* **What to produce**: Your answer must be an exact copy of the lines below, from the first through the one with "Vertical Facelift Patient", with no pictures.

* **Material to process**:
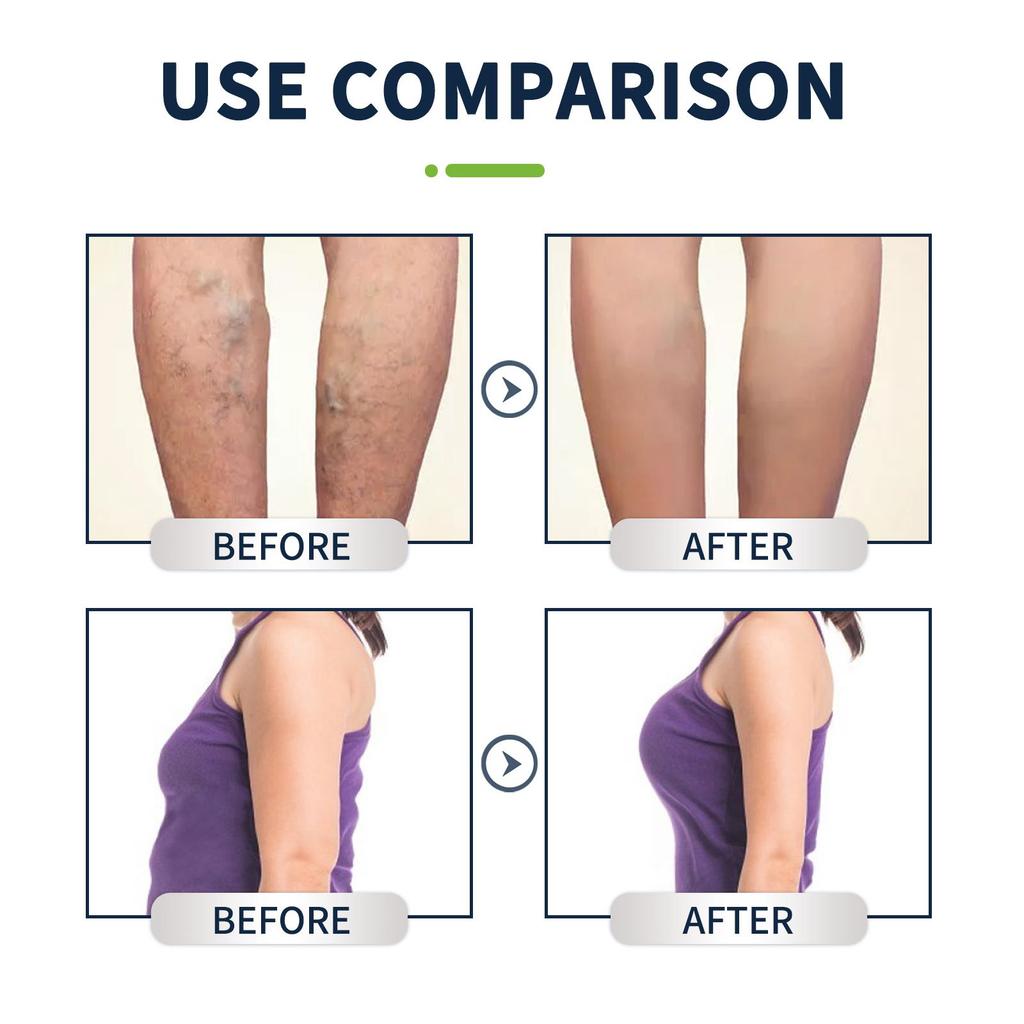 South Moon Bylinné vrecúška na kúpeľ nôh Masáž pokožky tela Spevňujúci namáčací gél na nohy Ošetrenie Vrecúška na kúpeľ nôh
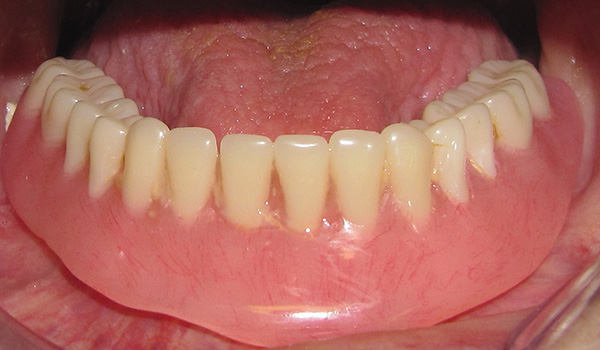 Το αποτέλεσμα της προσθετικής χρησιμοποιώντας μια πλήρη οδοντοστοιχία ...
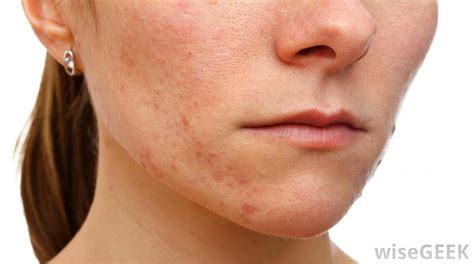 Best Acne Scars Treatment Products Facts About Acne And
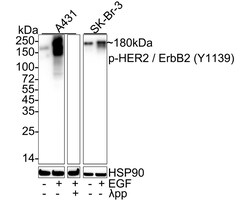 Invitrogen Phospho-ErbB2 (HER-2) (Tyr1139) Recombinant Rabbit Monoclonal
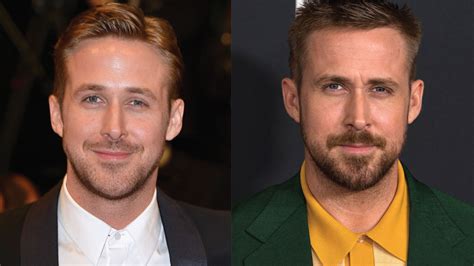 Plastic Surgery Ryan Gosling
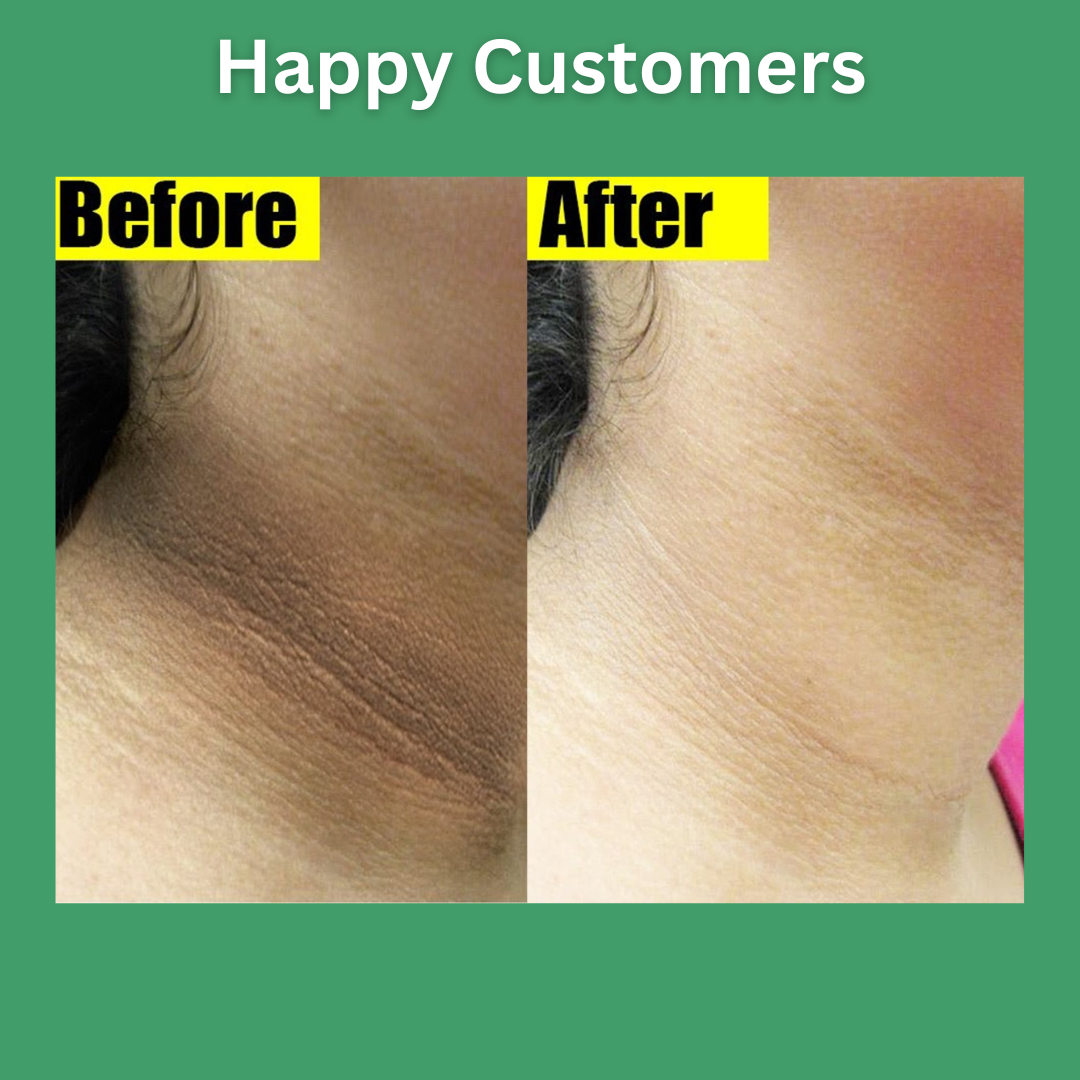 QB™ Under Arm Whitening Spray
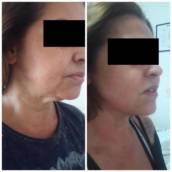 Tratamento para Papada em Avaré – Rosto Definido e Rejuvenescido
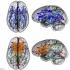 Мозг женщины и мозг мужчины различия и сравнения любопытные факты Мужской и женский мозг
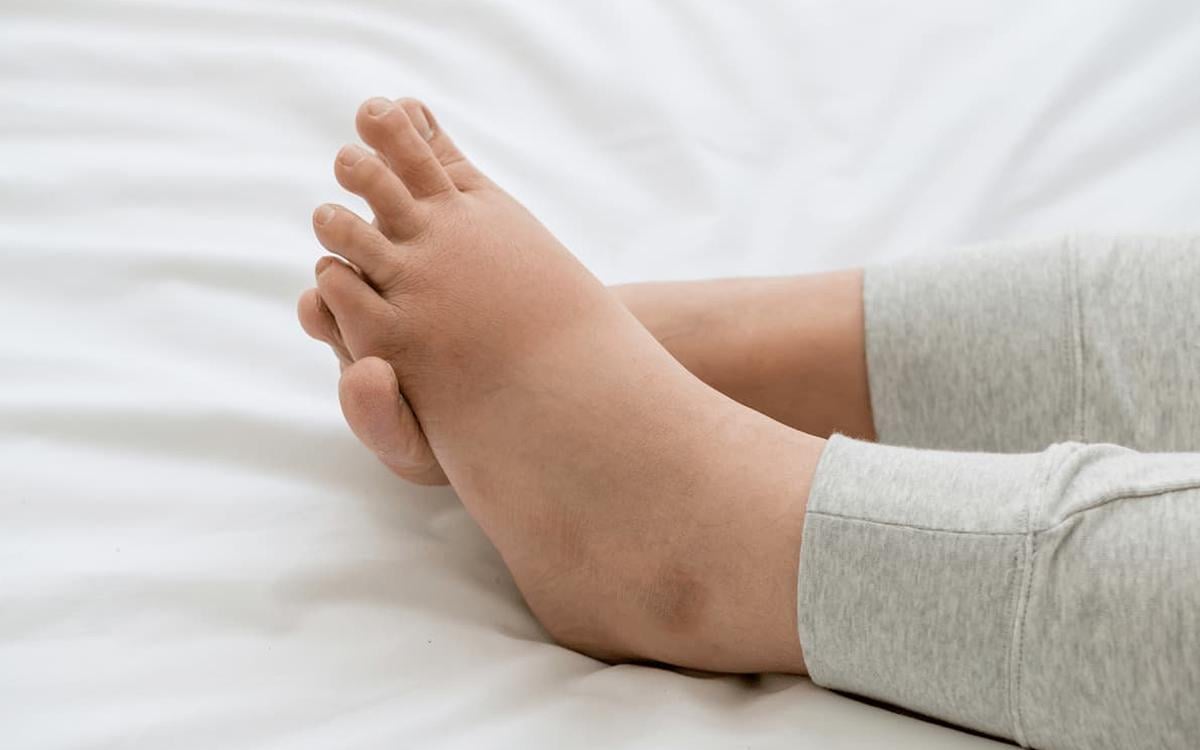 Ayak şişmesi neden olur, nasıl geçer
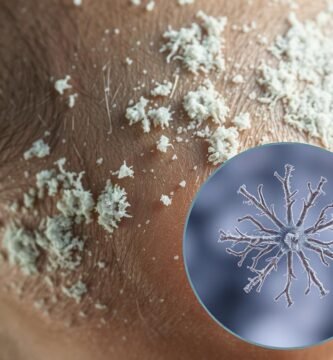 does candida cause dandruff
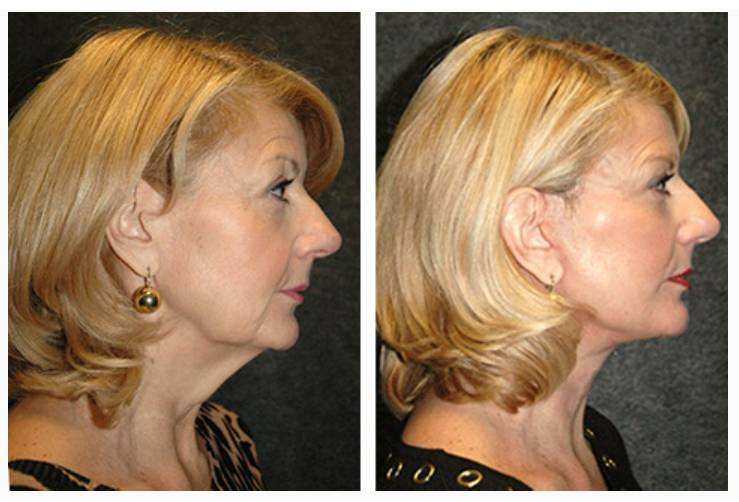 Vertical Facelift Patient Before and After Photos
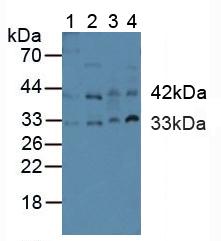 CASP9 / Caspase 9 Antibody - Western Blot; Sample: Lane1: Human Placenta Tissue; Lane2: Human Hela Cells; Lane3: Rat Heart Tissue; Lane4: Rat Uterus Tissue.
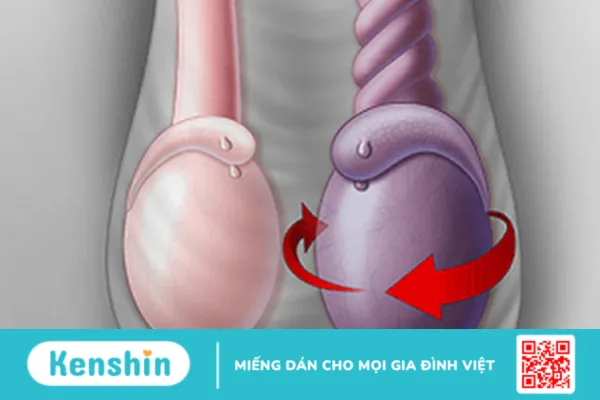 Tinh hoàn nhỏ có bị vô sinh không? Nguyên nhân, cách trị tinh hoàn nhỏ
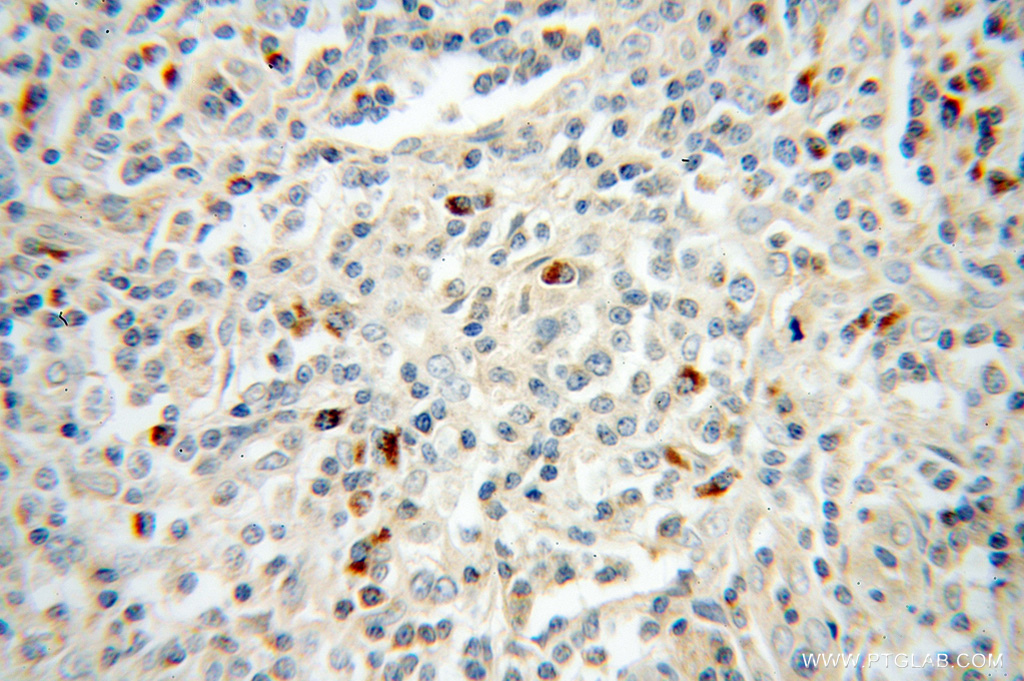 Immunohistochemistry (IHC) staining of human lymphoma tissue using TRAV20 Polyclonal antibody (13132-1-AP)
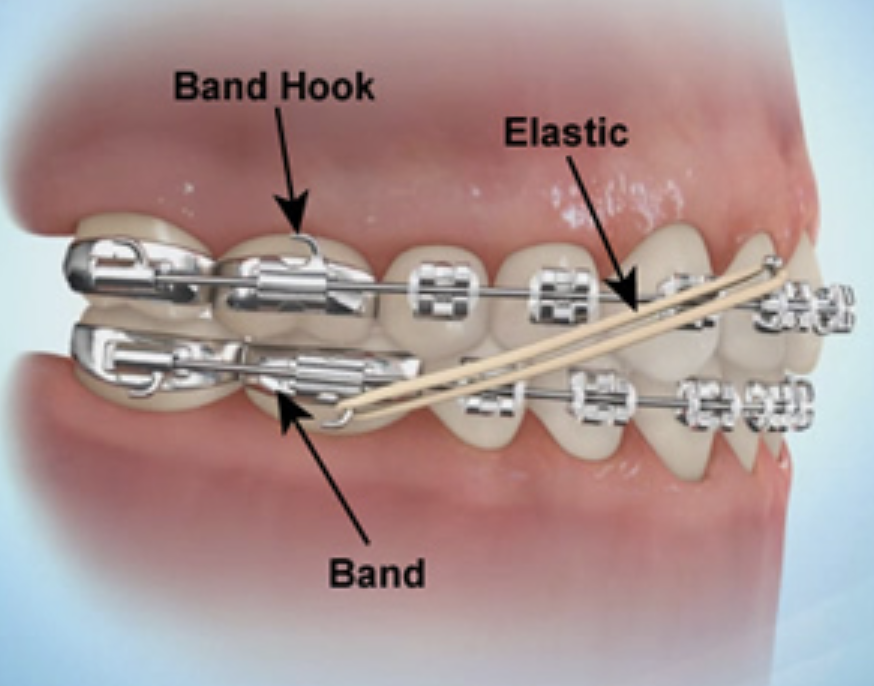 elastics attached to braces.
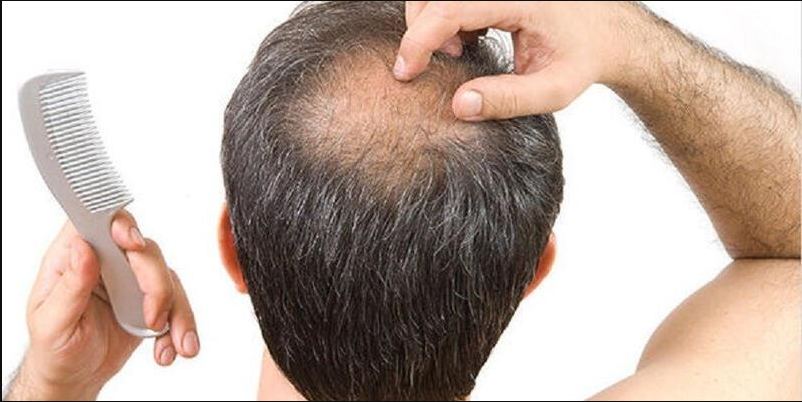 Sac Dokulmesi Neden Olur Ne Iyi Gelir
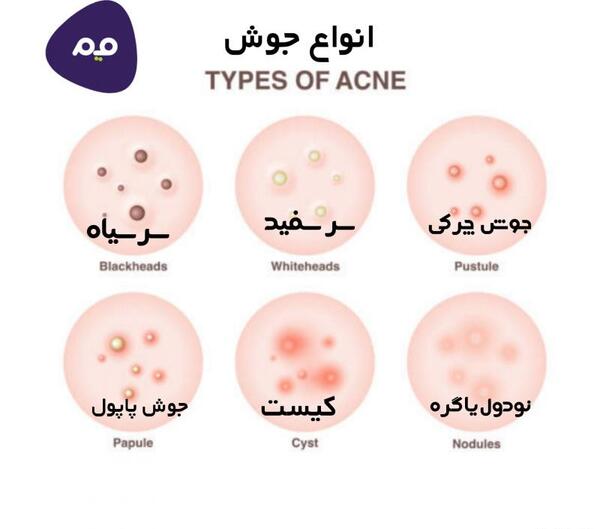 عکس انواع جوش بدن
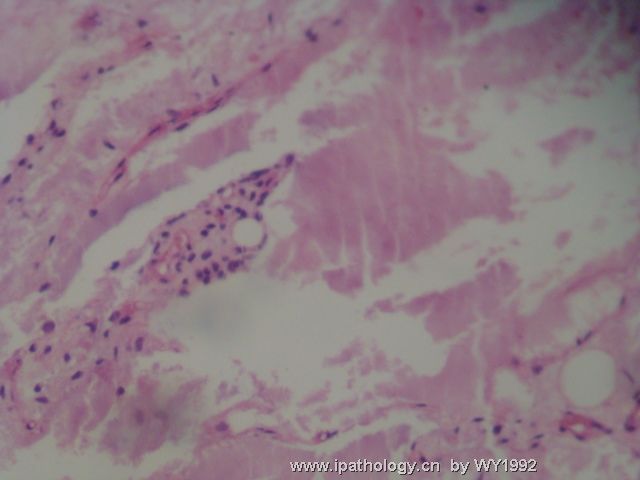 sbvingtun胃大弯与肠系膜之间肿块图12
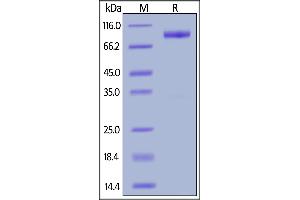 Human IL-23 R, Fc Tag on  under reducing (R) condition. (IL23R Protein (AA 24-355) (Fc Tag))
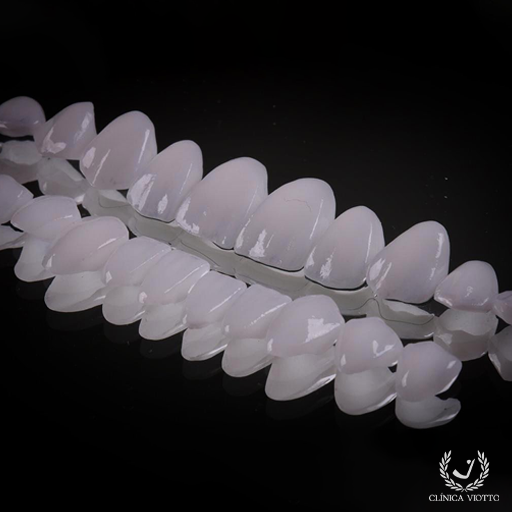 Facetas de Porcelana Viotto Especializadas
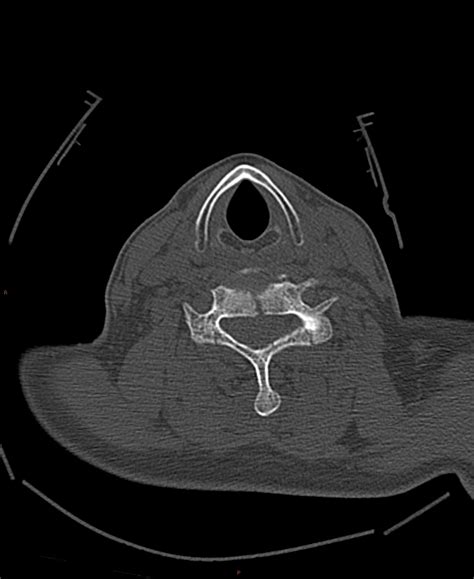 C6 compression fracture with posterior spinal fractures and cord contusion | Image | Radiopaedia.org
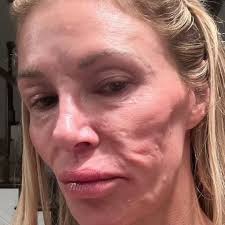 Former #RHOBH star #BrandiGlanville has shared a concerning new selfie  showing off her disfigured face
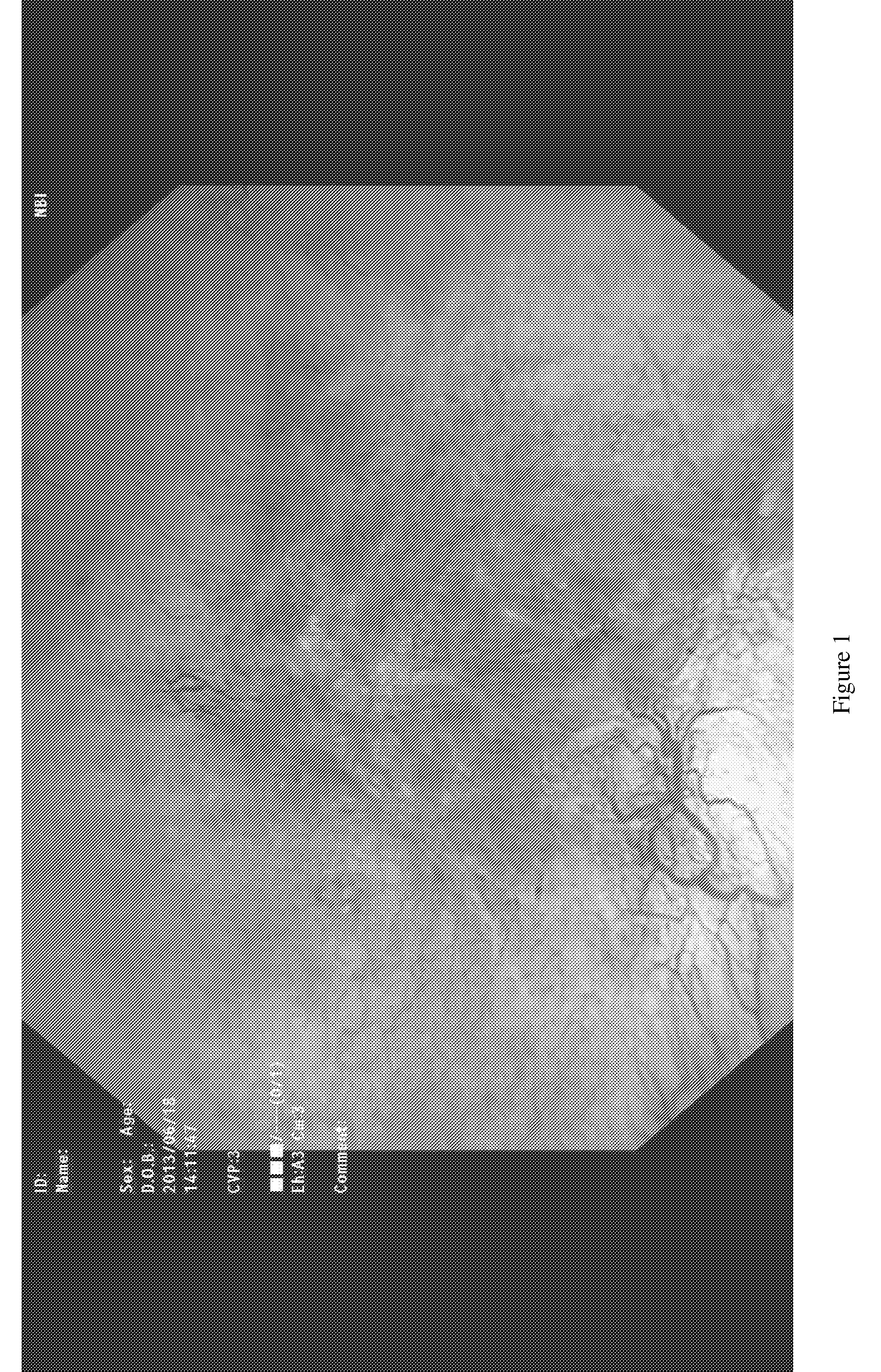 Therapeutic agent for lower urinary tract disease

* **Problem solution**:
 South Moon Bylinné vrecúška na kúpeľ nôh Masáž pokožky tela Spevňujúci namáčací gél na nohy Ošetrenie Vrecúška na kúpeľ nôh
 Το αποτέλεσμα της προσθετικής χρησιμοποιώντας μια πλήρη οδοντοστοιχία ...
 Best Acne Scars Treatment Products Facts About Acne And
 Invitrogen Phospho-ErbB2 (HER-2) (Tyr1139) Recombinant Rabbit Monoclonal
 Plastic Surgery Ryan Gosling
 QB™ Under Arm Whitening Spray
 Tratamento para Papada em Avaré – Rosto Definido e Rejuvenescido
 Мозг женщины и мозг мужчины различия и сравнения любопытные факты Мужской и женский мозг
 Ayak şişmesi neden olur, nasıl geçer
 does candida cause dandruff
 Vertical Facelift Patient Before and After Photos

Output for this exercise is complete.